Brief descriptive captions
↓↓↓
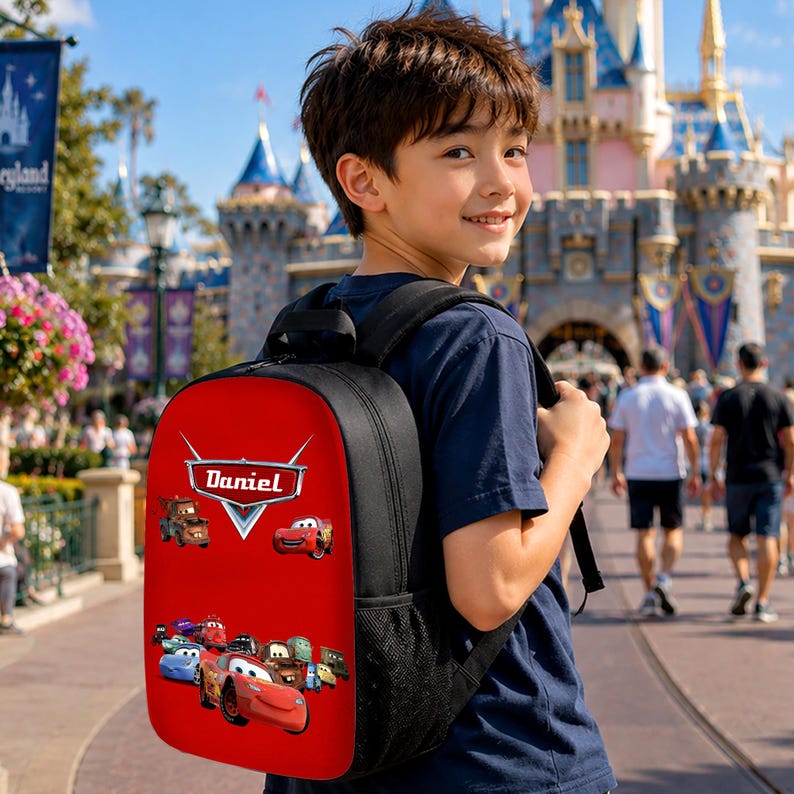 May include: A black backpack with a bright red front panel featuring a graphic print of various animated race cars and the name Daniel in a stylised white font. The backpack includes black side mesh pockets and adjustable shoulder straps.
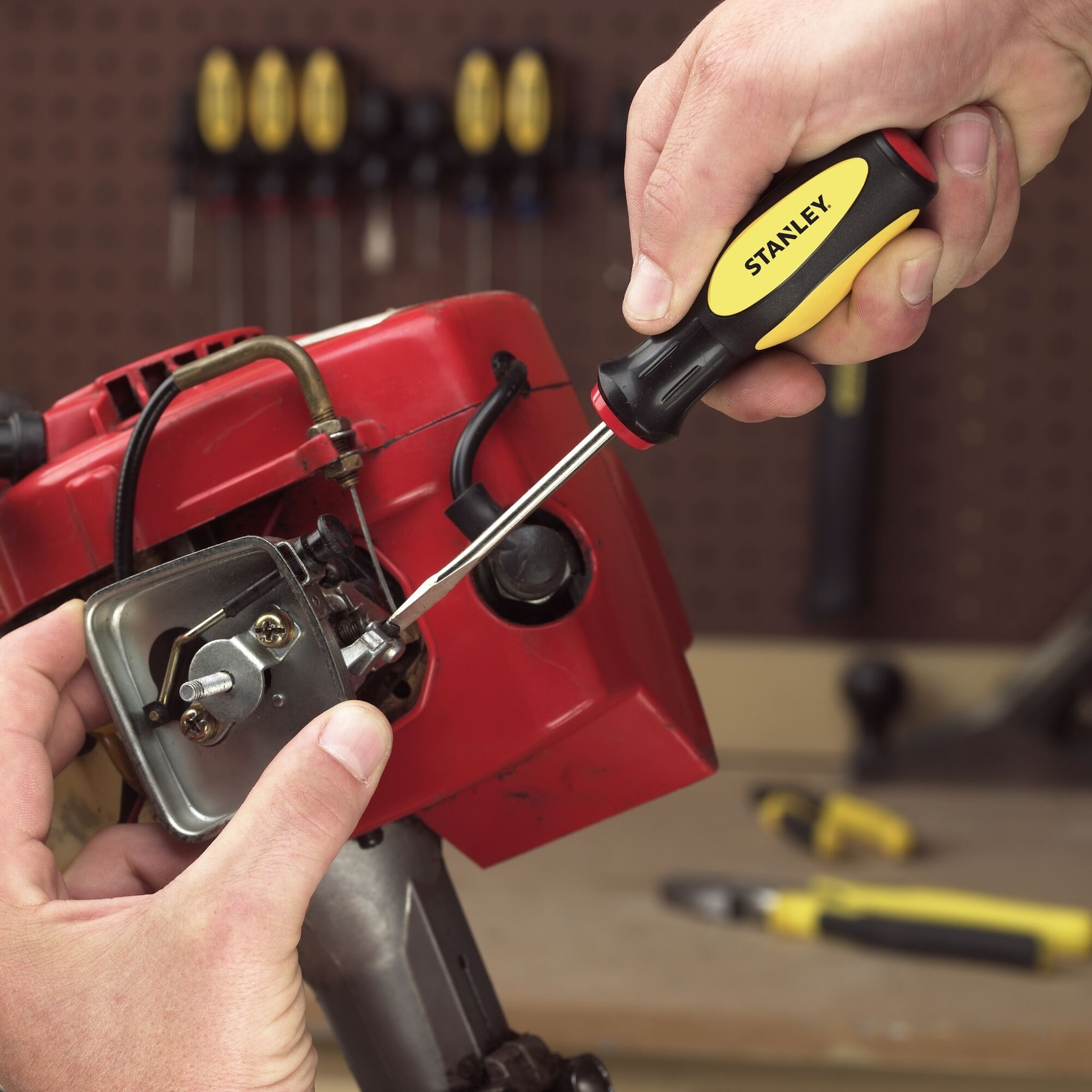 Destornillador STANLEY 60-100 usado para ajustar una pieza metálica en un motor rojo en un taller.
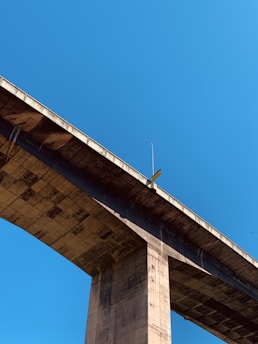 A large concrete bridge structure extends diagonally across the image against a clear blue sky. The underside of the bridge is visible, showcasing its architectural features and support pillars. One street lamp is visible on the bridge, casting a shadow on the concrete surface.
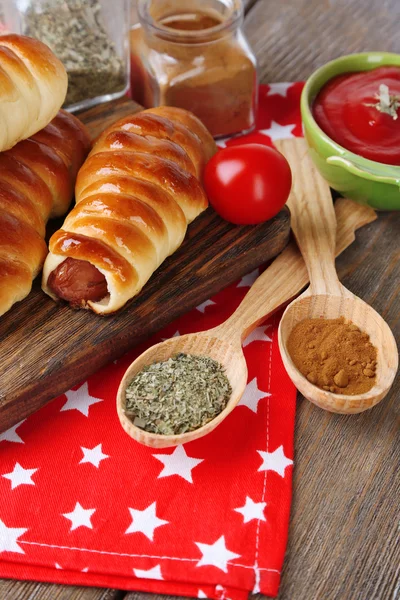 Baked sausage rolls on board on table close-up — Stock Photo, Image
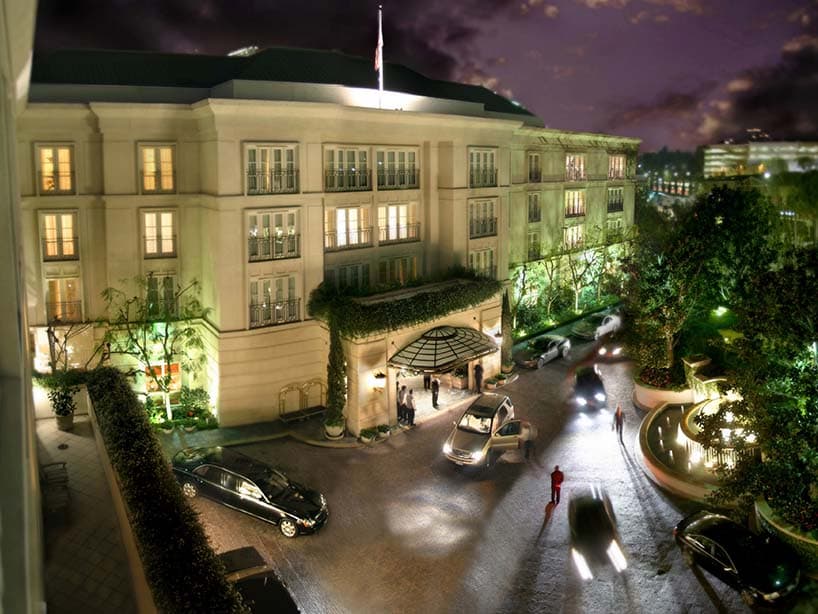 Le Peninsula Beverly Hills illuminé la nuit, sa marquise de verre et son allée d'arrivée
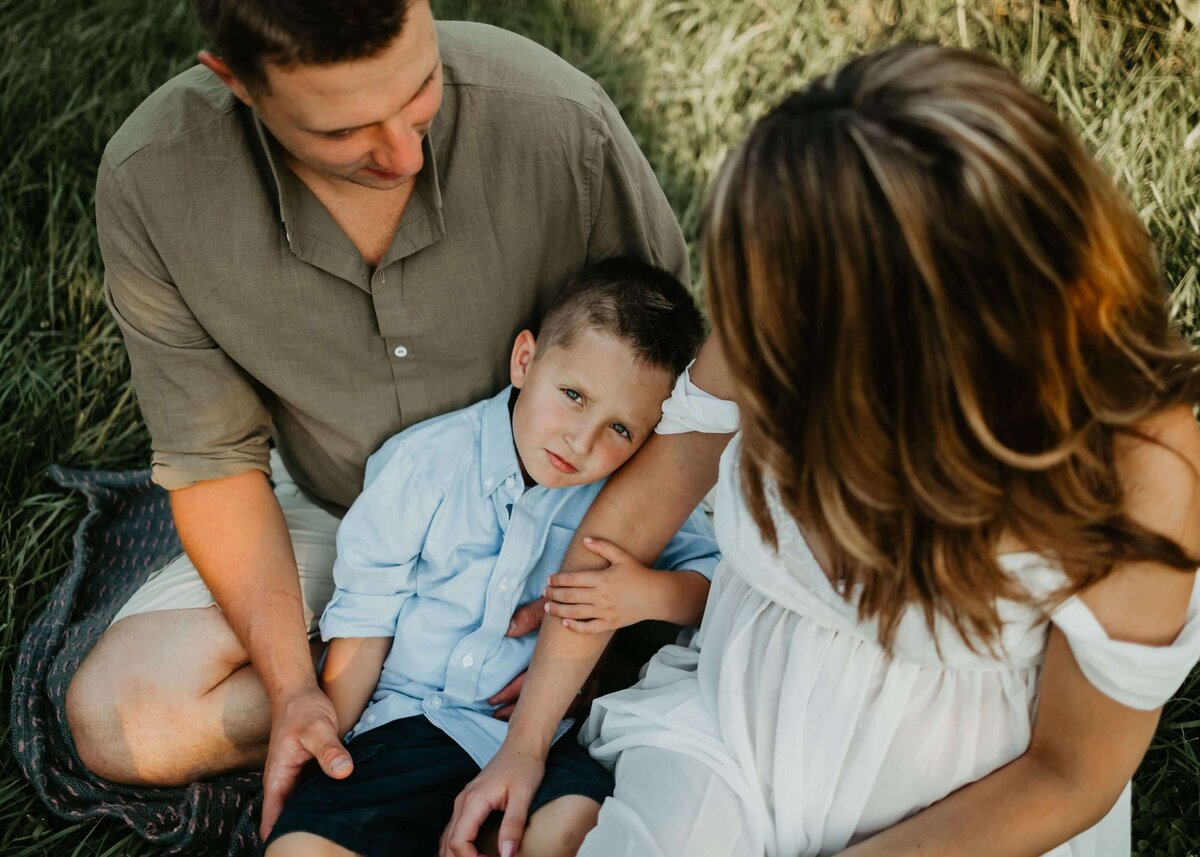 A family with their son sitting on a grassy field, captured by a Pittsburgh maternity photographer.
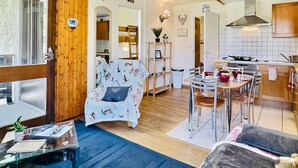 Een gezellige woonkamer met een gestreept fauteuil, een eethoek met een ronde tafel, en een keuken met moderne apparatuur.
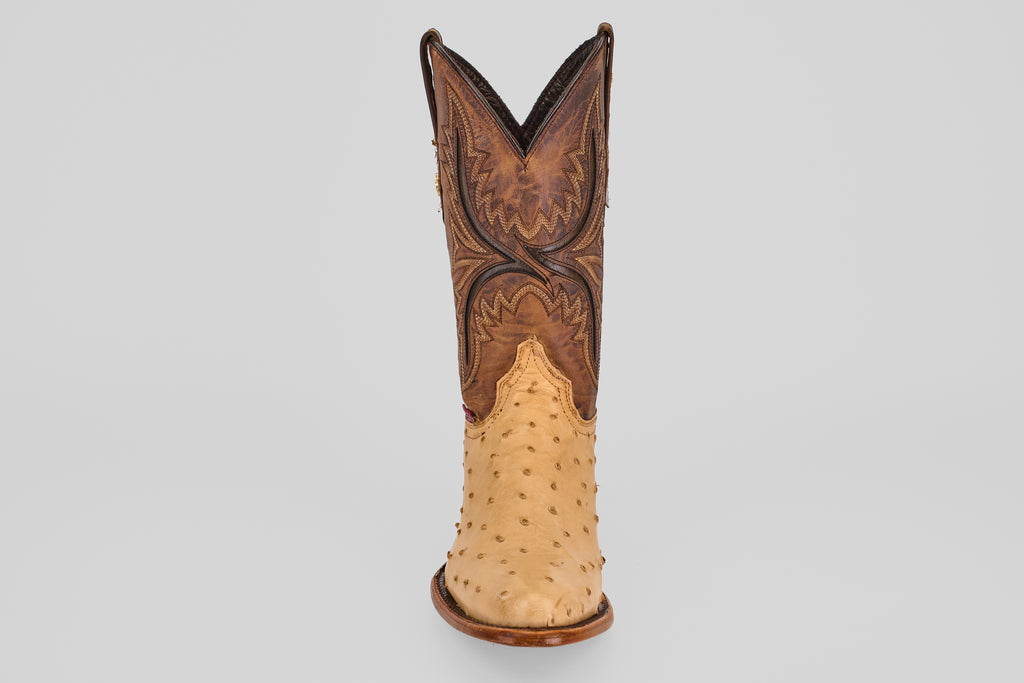 The Exotic Full Quilt Ostrich - Orix - Round Toe boot stands upright, featuring a tan quilted ostrich lower and a dark brown, ornately stitched upper, handcrafted in classic Western style on a plain light gray background.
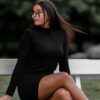 woman in black long sleeve shirt sitting on white wooden bench during daytime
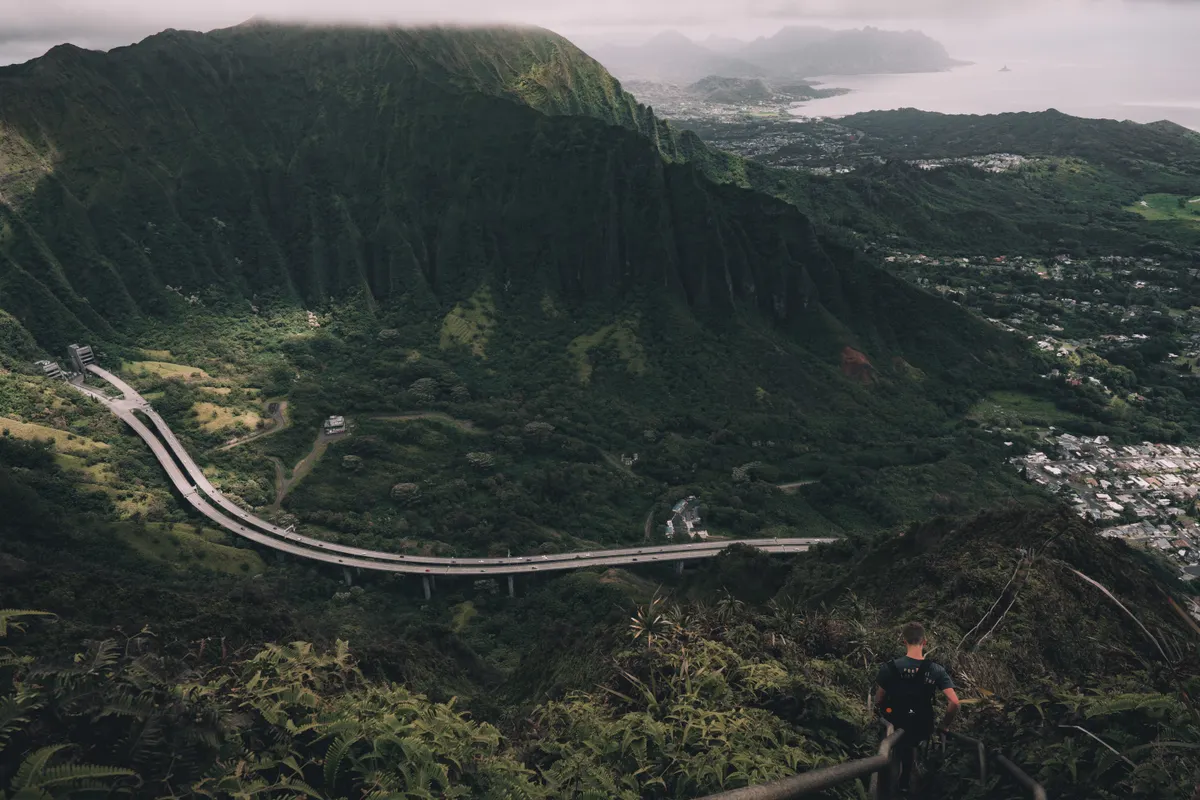 Lush green Oahu mountains with a winding road through the valley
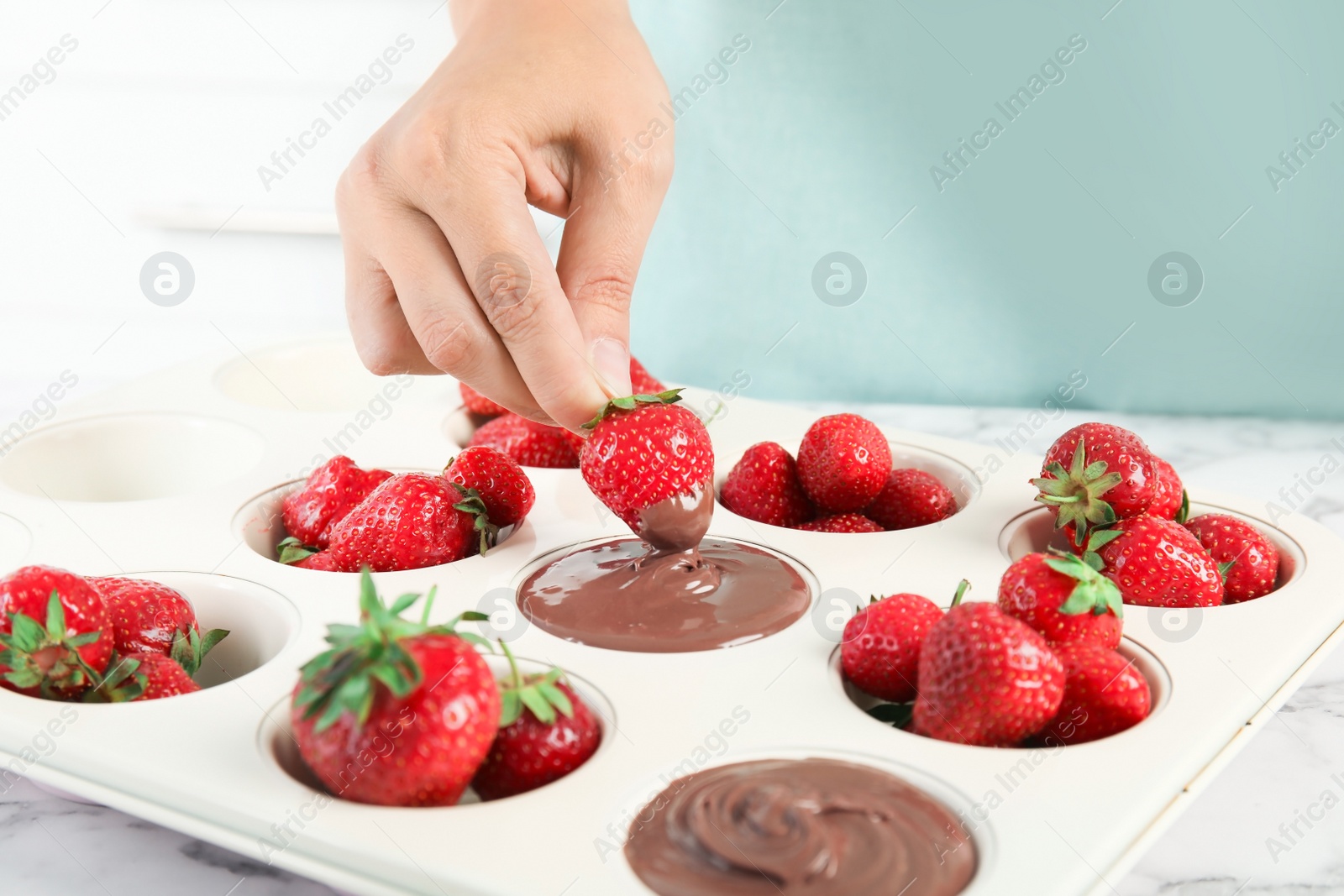 Photo of Woman dipping ripe strawberry into mold with melted chocolate, closeup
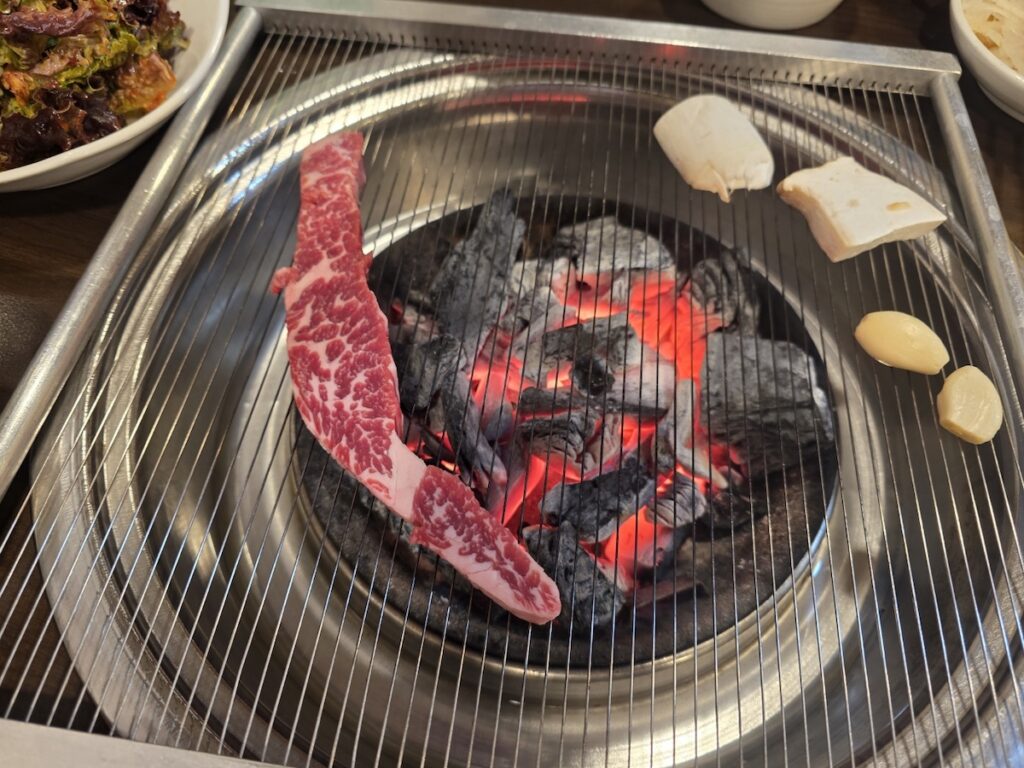 best-beef-bbq-in-seoul-charcoal-grill uicy beef grilling over traditional charcoal fire at the best beef BBQ in Seoul.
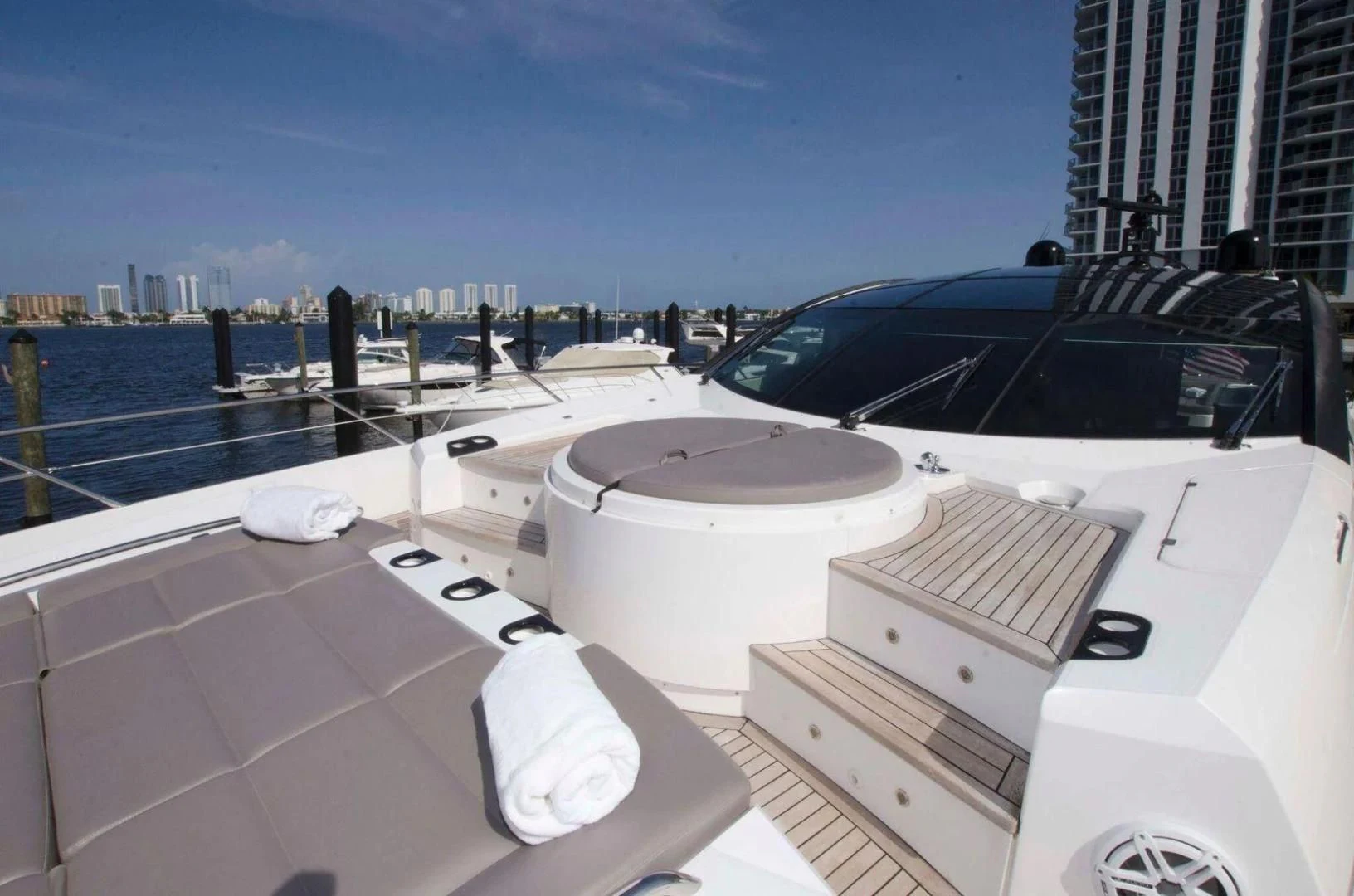 a deck with a large white lounge chair and a large city in the background aboard WOODEVER Yacht for Sale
↑↑↑
(Task description) Restate word for word only the lines from where the entries begin through the one with "Destornillador STANLEY 60-100"; omit the pictures.

(Exercise response)
 May include: A black backpack with a bright red front panel featuring a graphic print of various animated race cars and the name Daniel in a stylised white font. The backpack includes black side mesh pockets and adjustable shoulder straps.
 Destornillador STANLEY 60-100 usado para ajustar una pieza metálica en un motor rojo en un taller.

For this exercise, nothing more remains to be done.